Kenny van Zant drew this diagram for me on white board and I think it’s the best visualization of how SMB SaaS freemium business grow. The diagram highlights a few important mechanics of the SMB SaaS business model.
In any given freemium user base, small-office/home-office (1 to 20 employee shops) users tend to be a few times larger in size than true SMB customer (20 to 500 employees). Most of these SOHO customers remain unpaid evangelists. A few of these customers grow into SMBs and become paying customers - they cross the dashed line in this diagram. But most paying users for freemium services are SMBs.
While these mechanics may be well known, there are three counterintuitive things about the SMB SaaS model.
Below is a bar chart showing the number of employees working in businesses by size of employees using data from the US Census. While there are nearly 5M SOHOs in the US and only about 1M SMBs, there are twice as many employees in the SMB segment than in the SOHO segment, 38M in SMB and 21M in SOHO.

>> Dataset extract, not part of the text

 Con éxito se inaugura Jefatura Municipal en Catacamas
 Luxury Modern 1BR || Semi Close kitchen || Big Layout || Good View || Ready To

For any business charging on a per seat model, this means the SMB market is about twice as large as the SOHO market.
Despite the typically lower conversion rates and smaller business opportunity of SOHOs, SOHOs are critical in SMB SaaS success. They are the word-of-mouth marketing force that blogs and tweets and drives mobile app store volume to boost chart rankings and tells their friends about this great free product they are using to solve their problem.

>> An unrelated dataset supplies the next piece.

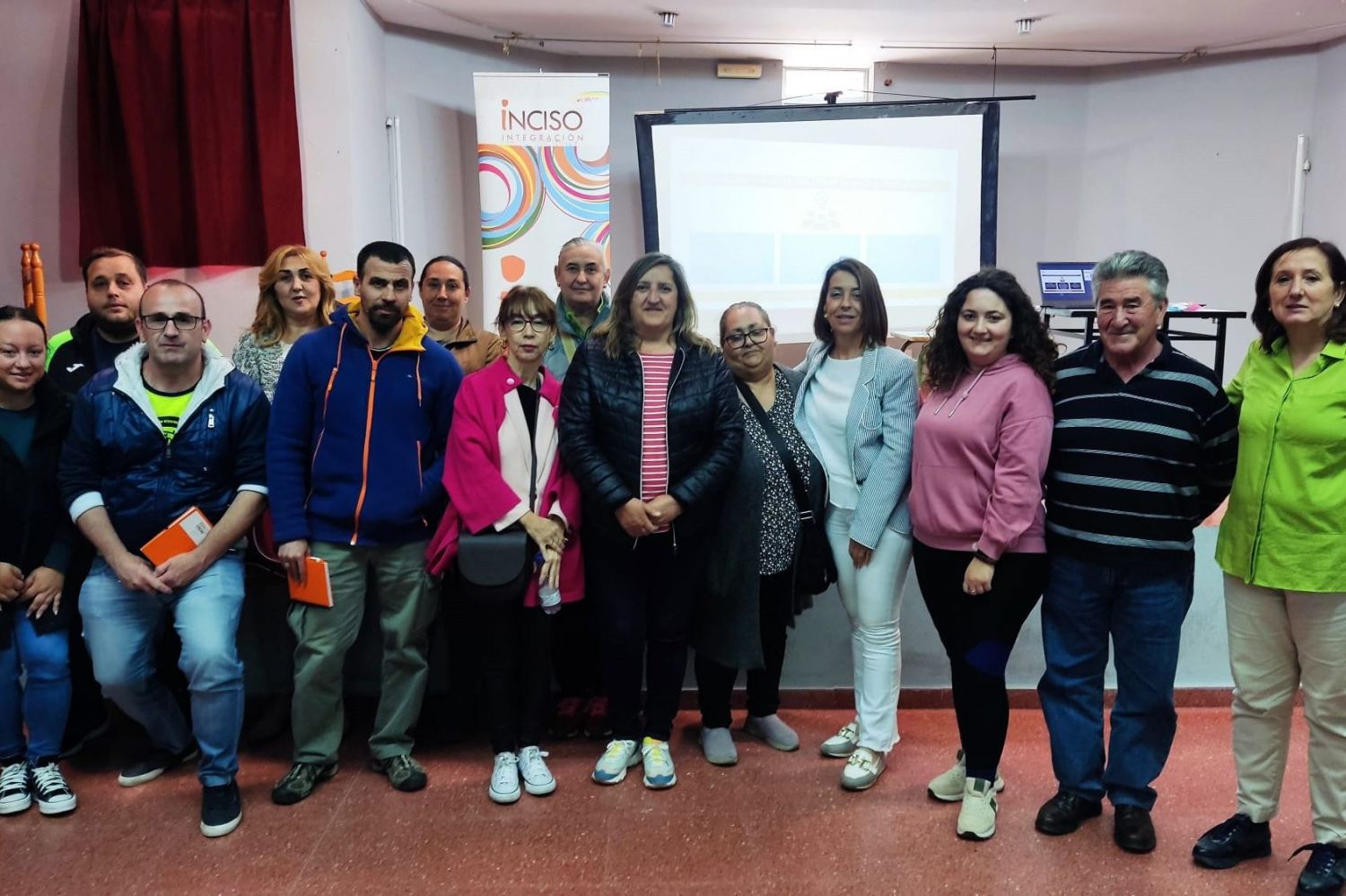 Asistentes al taller en Villanueva de la Fuente.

In traditional software businesses, the enterprise sales team hunts. They acquire leads, cold call, and push customers to convert. Their counterparts, the inside sales team, nurture and cultivate these relationships to prevent churn and grow revenue through up-sell.
Freemium businesses reverse the roles. The inside sales team fields the freemium leads from free user base, make the cold calls and push the customers to convert. The enterprise sales team looks for multiple teams within the same company paying separately, builds a relationship and grows revenue through up-sell, helping their customers grow.
While SMB SaaS business may seem like traditional software businesses scaled down, they aren’t. The SMB and SOHO markets require a wholly new marketing approach that may seem counterintuitive at first, but when implemented well, can build very large businesses.